== Segment start ==

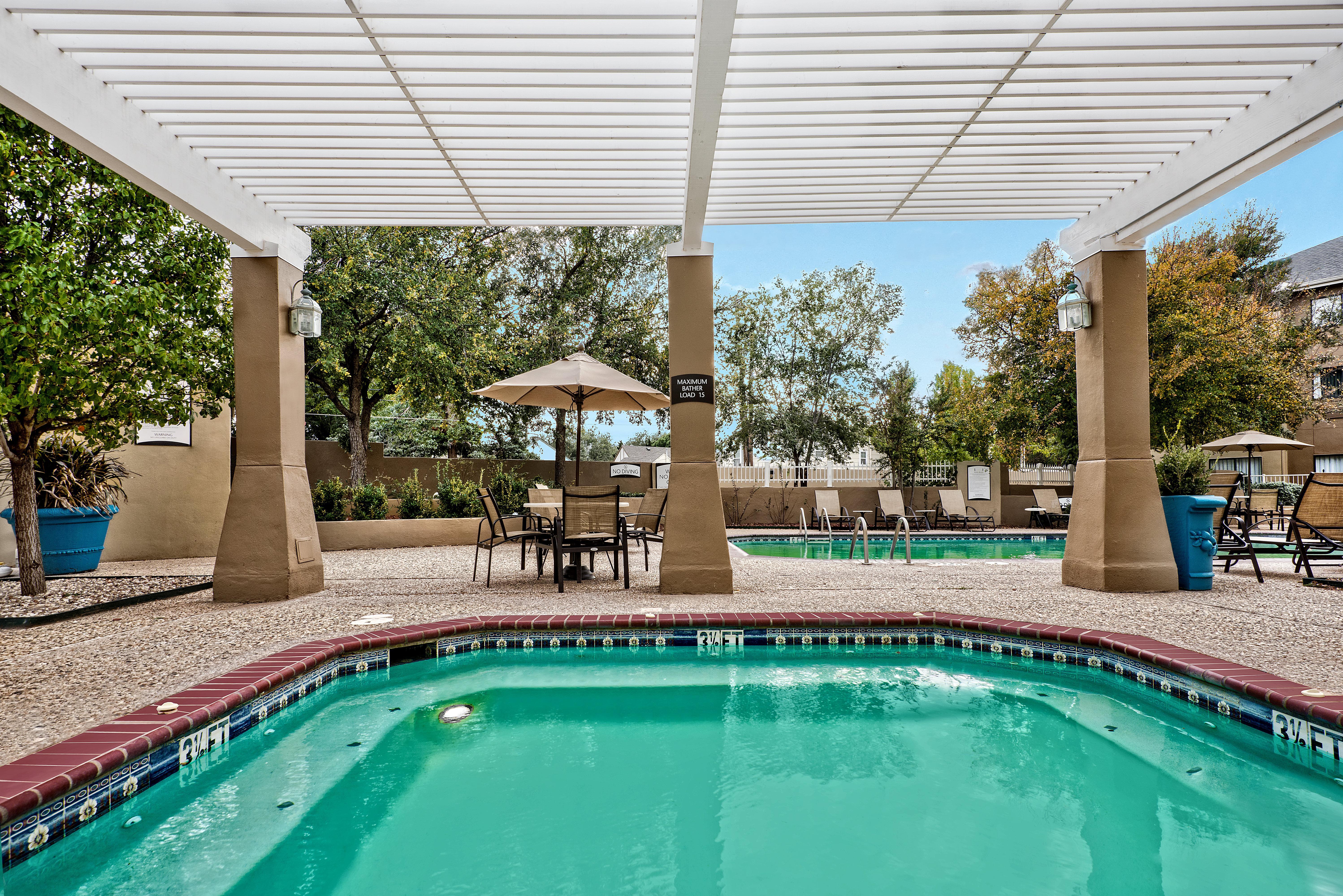 Staybridge Suites Lubbock-University Area By Ihg Bagian luar foto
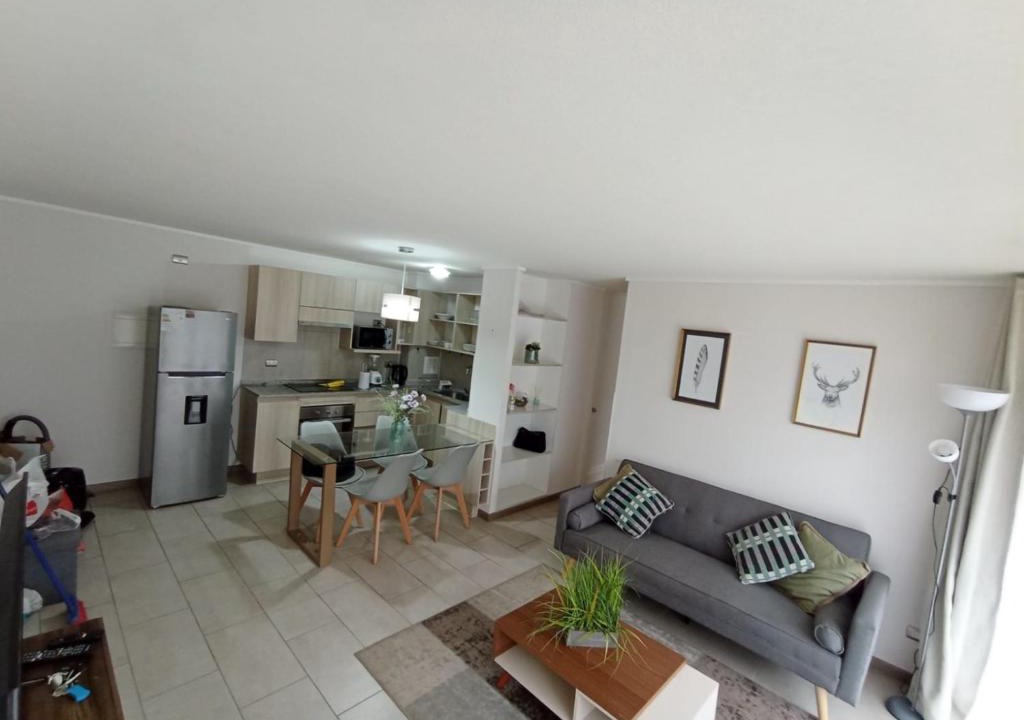 La Serena Apartment | Departamento Avda Pacifico La Serena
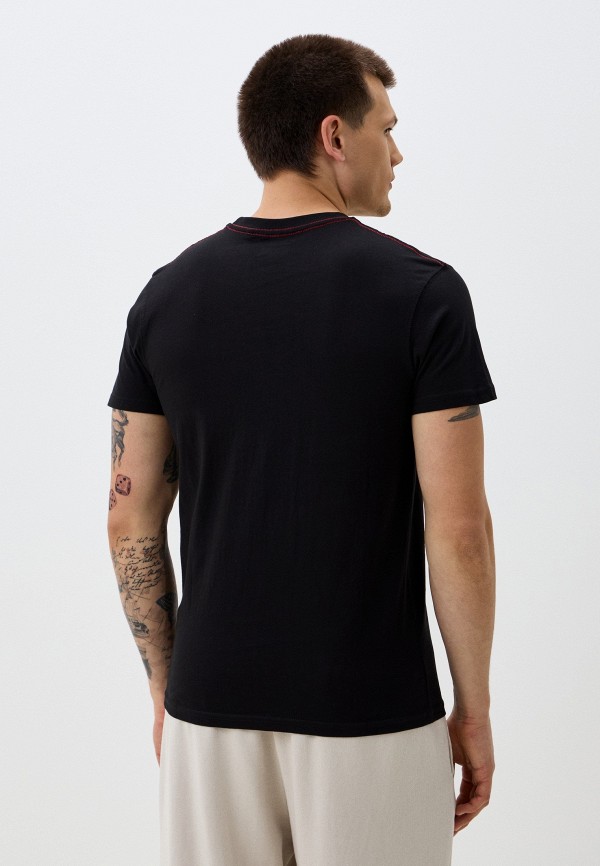 Lonsdale Футболка - Two Tone - фото 2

== Segment end ==

* **Description of the task**:
Print out all the material above exactly as it appears, omitting the images.

* **Answer box**:
 Staybridge Suites Lubbock-University Area By Ihg Bagian luar foto
 La Serena Apartment | Departamento Avda Pacifico La Serena
 Lonsdale Футболка - Two Tone - фото 2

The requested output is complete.